Surface masking shapes the traffic of the neuropeptide Y Y2 receptor.

PMID 22732667


The neuropeptide Y (NPY) Y2 receptor shows a large masked surface population in adherent CHO cells or in forebrain cell aggregates, but not in dispersed cells or in particulates from these sources. This is related to adhesion via acidic motifs in the extracellular N-terminal domain. Masking of the Y2 receptor is lifted by non-permeabilizing mechanical dispersion of cells, which also increases internalization of Y2 agonists. Mechanical dispersion and detachment by EDTA expose the same number of surface sites. As we have already shown, phenylarsine oxide (PAO), a cysteine-bridging agent, and to a lesser extent also the cysteine alkylator N-ethylmaleimide, unmask the surface Y2 sites without cell detachment or permeabilization. We now demonstrate that unmasking by permeabilizing but non-detaching treatment with cholesterol-binding detergents digitonin and edelfosine compares with and overlaps that of PAO. The caveolar/raft cholesterol-targeting macrolide filipin III however produces only partial unmasking.

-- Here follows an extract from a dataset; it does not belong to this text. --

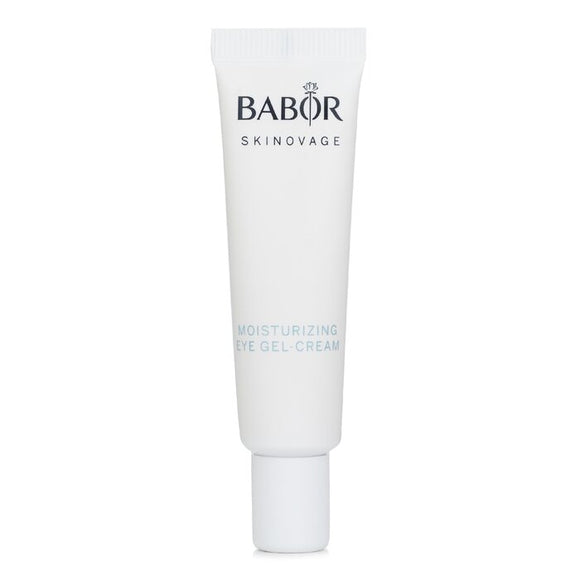 Babor Skinovage Moisturizing Eye Gel Cream (For Dry, Dehydrated Skin) 15ml/0.5oz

Depletion of the surface sites by N-terminally clipped Y2 agonists indicates larger accessibility for a short highly helical peptide. These findings indicate presence of a dynamic masked pool including majority of the cell surface Y2 receptors in adherent CHO cells. This compartmentalization is obviously involved in the low internalization of Y2 receptors in these cells.